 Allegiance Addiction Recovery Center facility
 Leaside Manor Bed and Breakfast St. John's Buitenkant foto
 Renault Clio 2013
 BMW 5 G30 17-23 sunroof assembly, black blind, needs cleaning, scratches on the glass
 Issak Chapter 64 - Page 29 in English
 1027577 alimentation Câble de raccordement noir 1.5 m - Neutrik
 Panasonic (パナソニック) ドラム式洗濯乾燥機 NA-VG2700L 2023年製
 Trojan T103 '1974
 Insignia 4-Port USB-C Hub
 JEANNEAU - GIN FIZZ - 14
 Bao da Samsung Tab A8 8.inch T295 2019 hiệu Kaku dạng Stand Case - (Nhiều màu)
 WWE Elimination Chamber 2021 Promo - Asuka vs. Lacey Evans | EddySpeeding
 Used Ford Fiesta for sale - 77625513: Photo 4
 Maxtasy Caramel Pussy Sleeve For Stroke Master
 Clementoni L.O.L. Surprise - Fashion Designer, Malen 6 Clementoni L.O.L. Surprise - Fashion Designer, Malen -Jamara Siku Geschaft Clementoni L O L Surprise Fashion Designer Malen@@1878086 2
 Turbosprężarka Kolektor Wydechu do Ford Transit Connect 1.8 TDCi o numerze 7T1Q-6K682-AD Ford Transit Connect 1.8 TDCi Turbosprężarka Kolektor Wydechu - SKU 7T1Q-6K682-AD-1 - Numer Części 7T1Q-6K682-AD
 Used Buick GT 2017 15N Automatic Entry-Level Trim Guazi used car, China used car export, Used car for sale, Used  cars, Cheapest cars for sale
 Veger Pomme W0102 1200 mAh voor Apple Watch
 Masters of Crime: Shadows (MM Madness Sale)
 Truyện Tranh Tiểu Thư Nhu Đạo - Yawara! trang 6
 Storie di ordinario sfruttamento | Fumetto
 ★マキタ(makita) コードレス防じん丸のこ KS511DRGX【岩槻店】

» **REQUIREMENT**: Scan the material for the word "Used". Return every line where it is found.

» **RESULT**:
 Used Ford Fiesta for sale - 77625513: Photo 4
 Used Buick GT 2017 15N Automatic Entry-Level Trim Guazi used car, China used car export, Used car for sale, Used  cars, Cheapest cars for sale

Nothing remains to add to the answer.